Императрица Фике - Страница 6
Мы, которые покоим в лоне нашего милосердия эту деву Зою столь славного рода, желаем, чтобы ее повсюду принимали и повсюду с ней обращались доброжелательно. И настоящим письмом увещеваем мы о Господе твое благородие во имя уважения, подобающего нам и нашему Престолу, принять ее с расположением и добротой по всем местам твоих государств, по которым она будет следовать. Это будет достойно всякой похвалы и нам доставит удовлетворение…»

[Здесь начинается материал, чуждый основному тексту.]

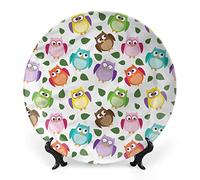 SMAZDFXX 7 Inch Decorative Plate, Owls Tableware Plate, Pattern with Leaves Print Ceramic Wall Hanging for Fine Dining, Upscale Events, Dinner Parties, Weddings, Catering Christmas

Из Рима Зоя тронулась 24 июня 1472 года и прибыла 8 сентября в порт Любек. Это путешествие было сплошным триумфом папской политики, великолепным, щедрым, красочным, пышным… Все города Италии и Германии, через которые следовала Зоя, не жалели расходов. Еще бы! Зоя должна была выполнить великую миссию папы Римского — овладеть одна, без войска, целым государством, которое находилось где-то «дальше, чем Новгород», и положить это Северное государство к подножию папского престола так же, как послы московские слагали там свои соболя. Какой блеск! Какое великолепие! Зоя показывалась всюду перед народом с великою помпой, в парчовом плаще на белоснежных горностаях, в пурпуровом платье, в золотой диадиме с жемчугами и самоцветами. Всеобщее внимание привлекал огромный алмаз в ее перстне. «Она была очаровательна!» — восклицают, как один, все разноязычные историки. Самые знатные молодые люди всюду вели под уздцы ее коня, а дома, где она останавливалась, отмечались византийским гербом — золоченым двуглавым орлом с распростертыми крыльями, орлом обоих Римов.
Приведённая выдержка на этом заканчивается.